Search code examples
regexstatastata-macros

Importing files with different months in name


I have the following code:

local date "September"

global dir `c(pwd)'
global files "A B C" 

foreach x of global files { 
    import excel "${path}`x'_`date'.xlsx", sheet("1") cellrange(A3:O21) clear 
    generate Store="`x'"
    save `x', replace
}

The problem is that not all my files have the date September. Some have August or May.

How can I incorporate a solution for this in the above script?

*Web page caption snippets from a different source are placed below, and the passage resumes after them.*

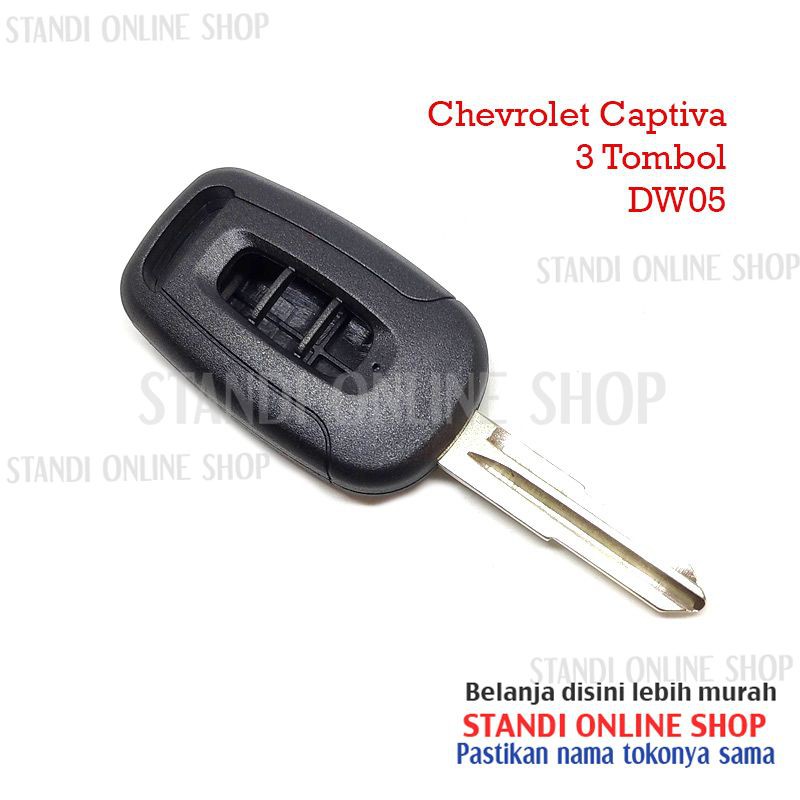 Casing Kunci Key Shell Blank Bahan Kunci Mobil Chevrolet Captiva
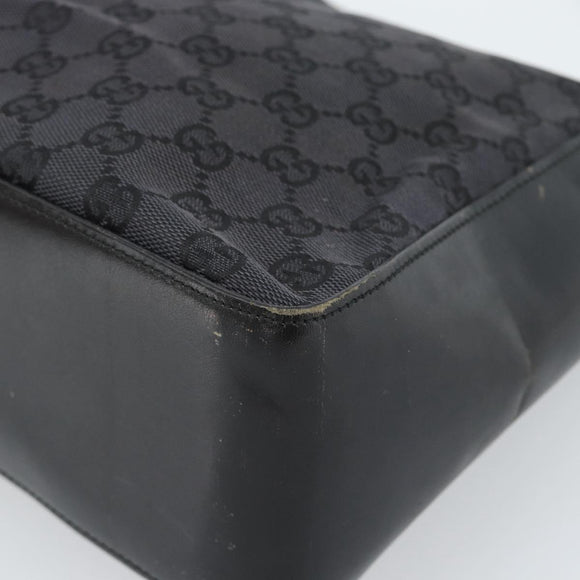 GUCCI GG Canvas Umhängetasche Schwarz 001 3766 2123 Original 68595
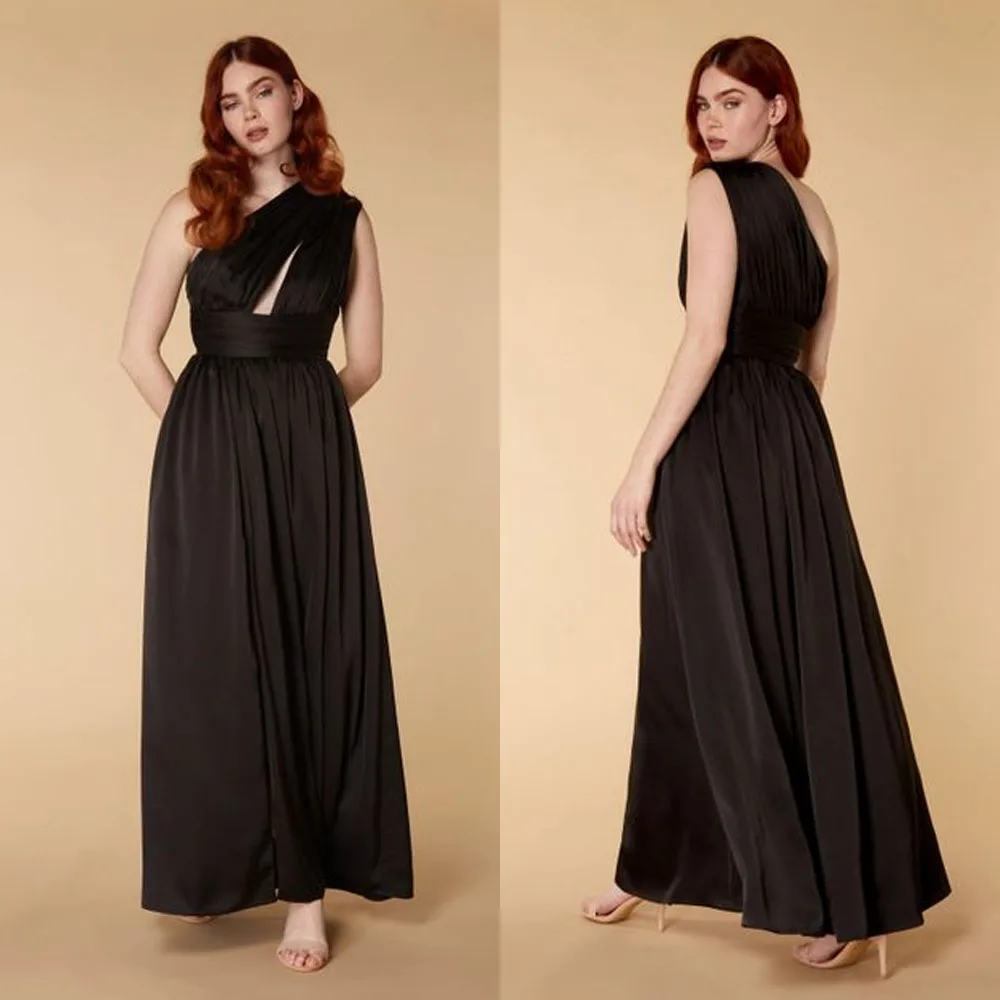 Customized High Quality One Shoulder Ankle Length Backless Sleeveless Wrinkle A-line Gece Elbisesi Evening Gown Платье فساتين
Customized High Quality One Shoulder Ankle Length Backless Sleeveless Wrinkle A-line Gece Elbisesi Evening Gown Платье فساتين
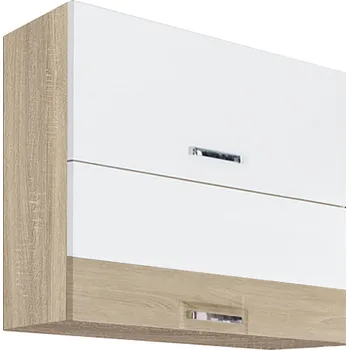 PREMIO sc | horní skříňka PRE-48G výklopná | 80 cm | sonoma/bílá lesk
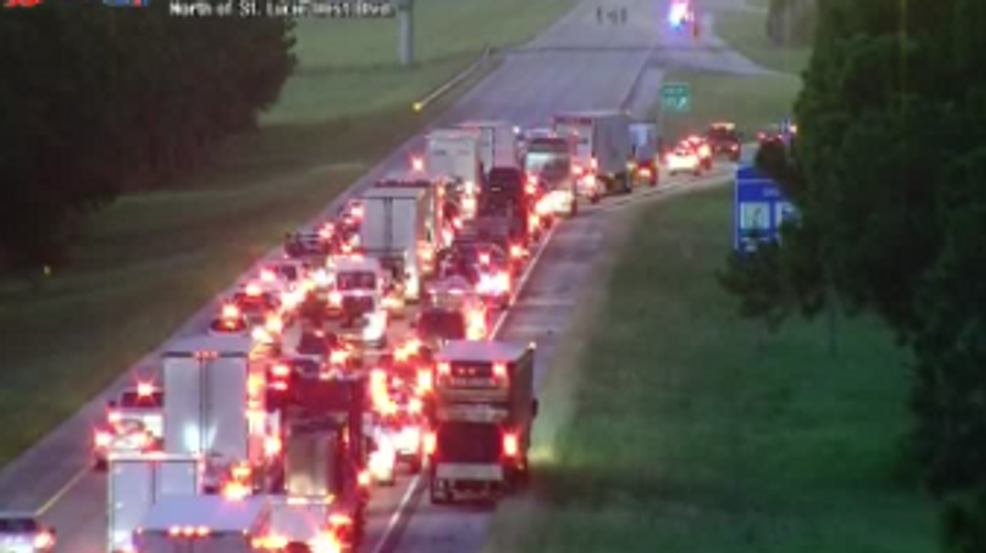 Deadly Crash Shuts Down All Southbound Lanes Of I-95 In Port St. Lucie ...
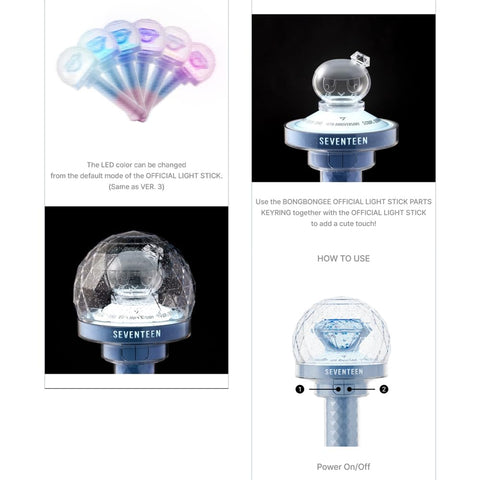 KPOP HEAVEN Seventeen Lightstick VER.3 user guide for quick setup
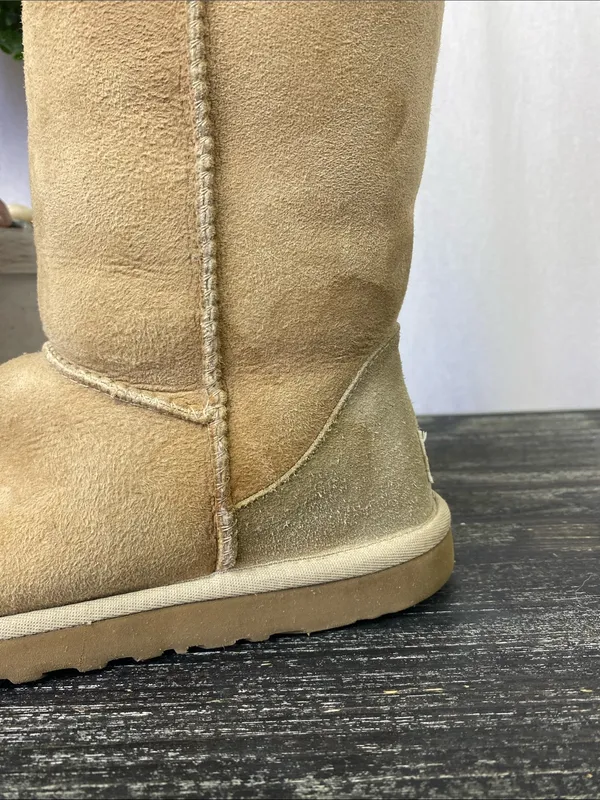 Ugg Tan Leather Classic Tall 5815 Boots 6 - Image 5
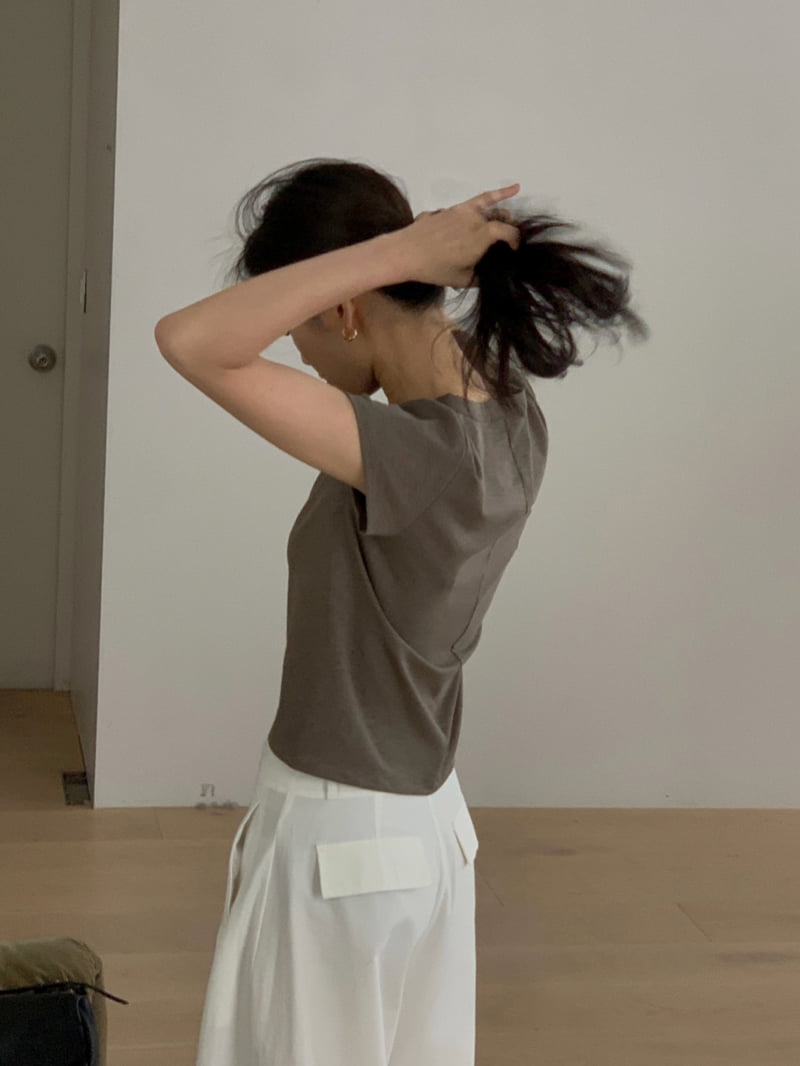 Dress Room - Korean Women Fashion - #momslook - Cotton Stitch Tee - 7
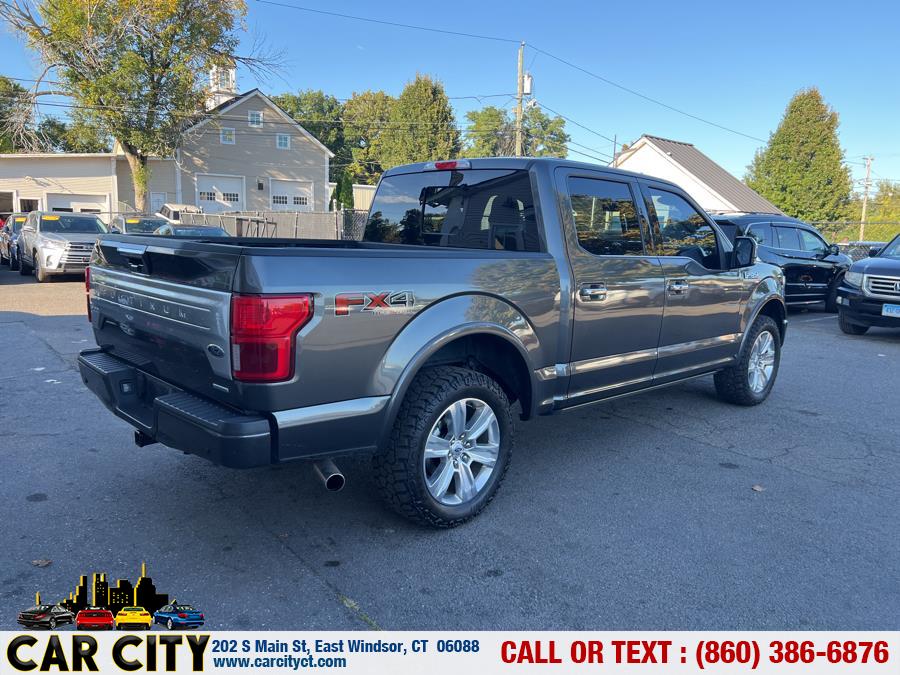 2018 Ford F-150 Platinum 4WD SuperCrew 5.5'' Box, available for sale in East Windsor, Connecticut | Car City LLC. East Windsor, Connecticut 2018 Ford F-150 Platinum 4WD SuperCrew 5.5'' Box, available for sale in East Windsor, Connecticut | Car City LLC. East Windsor, Connecticut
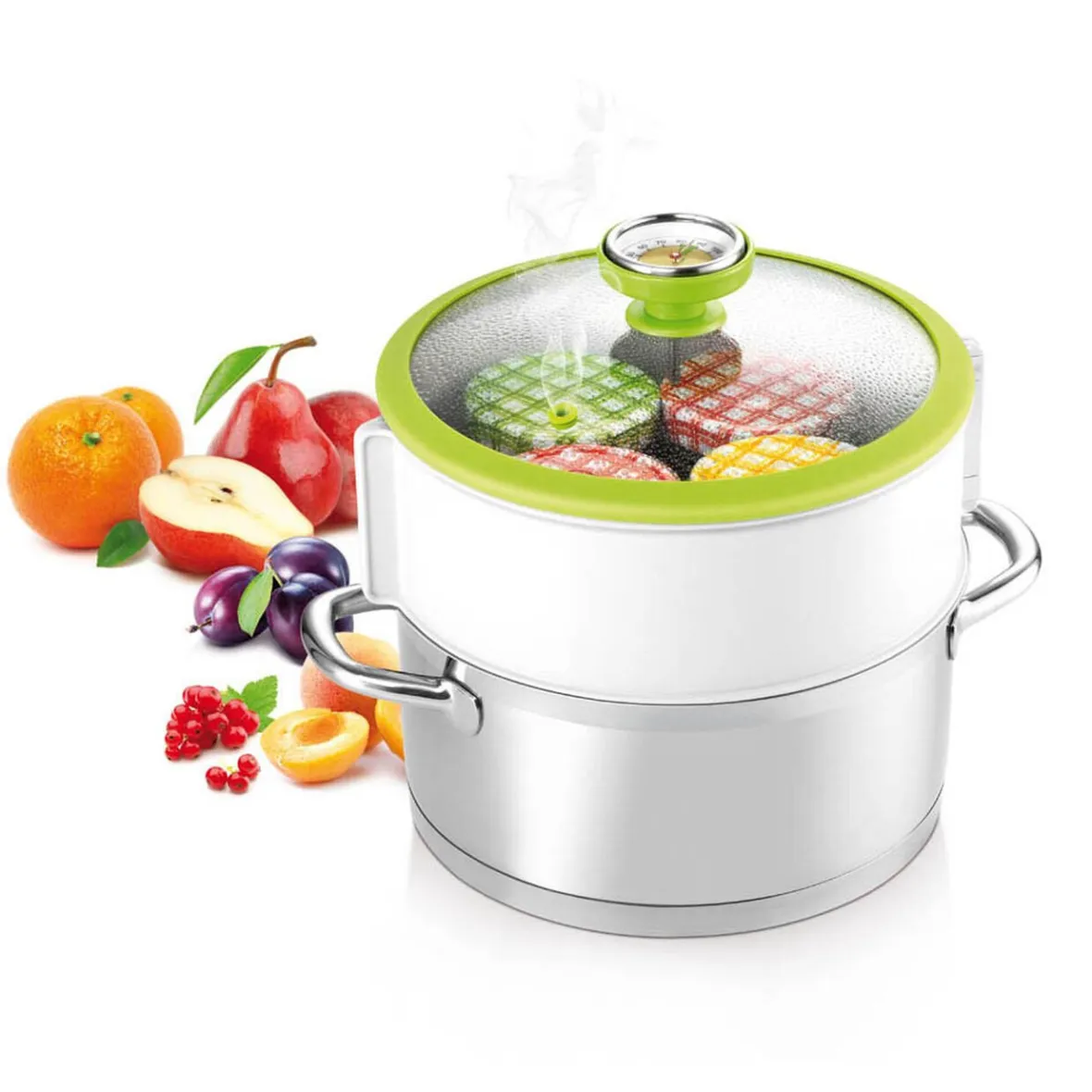 Gifi Petit Électroménager^Set de mise en conserve avec thermomètre intégré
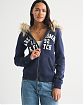 Женская толстовка Abercrombie & Fitch с меховой отделкой — миниатюра 4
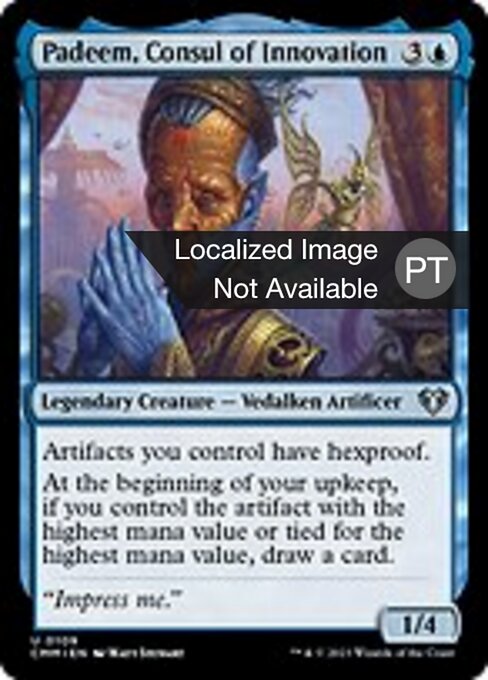 Padeem, Consul of Innovation (109) [Commander Masters]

The idea is that if September is not found, the code would still run. However, instead of September it would go for August and if that fails, then May.


Solution

  • Suppose that the following files are stored in your working directory:

    A_September.xlsx
    B_August.xlsx
    C_May.xlsx
    

    You can use the macro extended function dir and wildcards to create a local macro files, which will contain a list of qualifying files:

    local files : dir "`c(pwd)'" files "*_*.xlsx"                               
    
    foreach x of local files {
        display "`x'"
    }
    
    A_September.xlsx
    B_August.xlsx
    C_May.xlsx
    

    Typing help extended_fcn from Stata's command prompt will provide you with more information.

    Suppose now that in your working directory there are two additional files:

    ASeptember_34.xlsx
    C_May45.xlsx
    

    In this case, the files will be included in the list:

    local files : dir "`c(pwd)'" files "*_*.xlsx"                               
    
    foreach x of local files {
        display "`x'"
    }
    
    A_September.xlsx
    ASeptember_34.xlsx
    B_August.xlsx
    C_May.xlsx
    C_May45.xlsx
    

    In order to ignore these in your loop, you need to further filter the file names using a regular expression:

    local files : dir "`c(pwd)'" files "*_*.xlsx"                               
    
    foreach x of local files {
        if ustrregexm("`x'", "[A-Z]_([A-Z][a-z]+).xlsx") display "`x'"
    }
    
    A_September.xlsx
    B_August.xlsx
    C_May.xlsx
    

    Note that the complexity of the required regular expression will depend on the patterns of the file names included in your working directory.